# [Dataset extract]
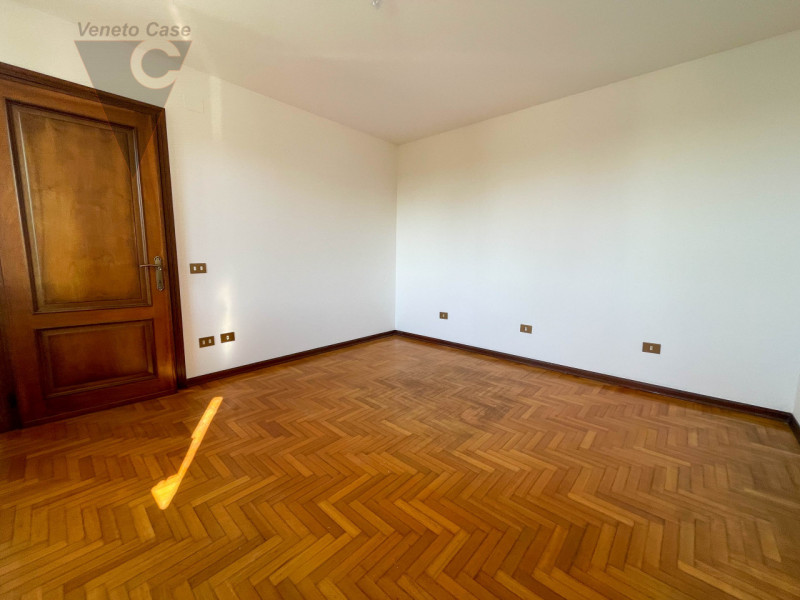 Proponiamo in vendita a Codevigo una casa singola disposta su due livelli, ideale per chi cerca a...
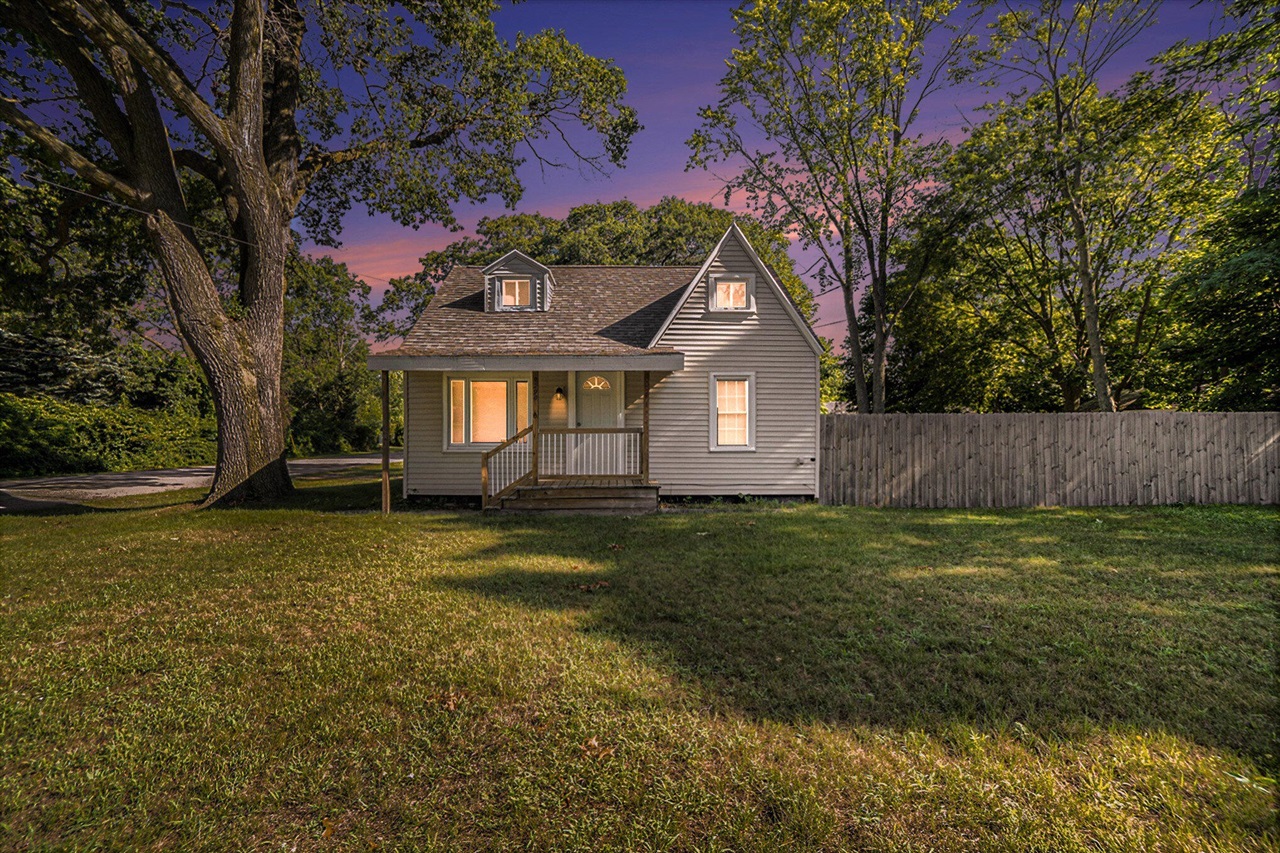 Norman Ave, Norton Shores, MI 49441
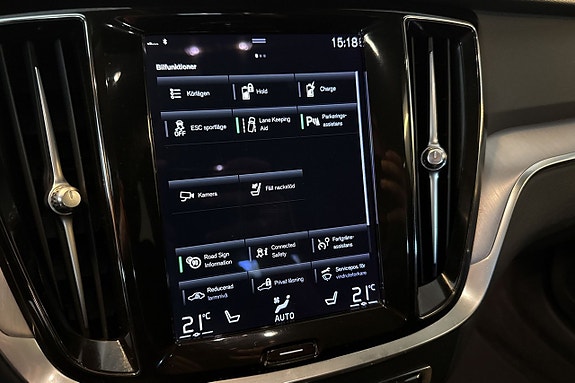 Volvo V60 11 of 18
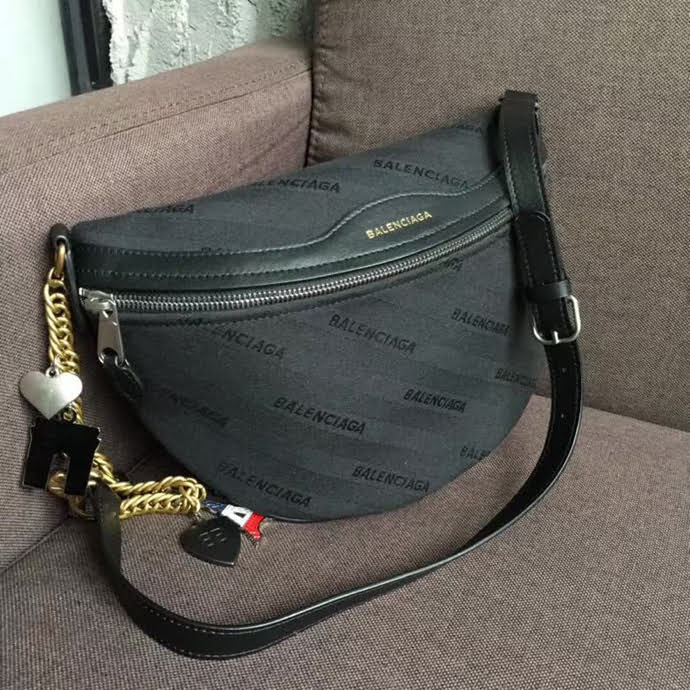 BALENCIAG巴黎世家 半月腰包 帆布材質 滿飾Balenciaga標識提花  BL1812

# [Task to complete]
Retype the whole listing exactly. Do not include the pictures.

# [Task response]
 Proponiamo in vendita a Codevigo una casa singola disposta su due livelli, ideale per chi cerca a...
 Norman Ave, Norton Shores, MI 49441
 Volvo V60 11 of 18
 BALENCIAG巴黎世家 半月腰包 帆布材質 滿飾Balenciaga標識提花  BL1812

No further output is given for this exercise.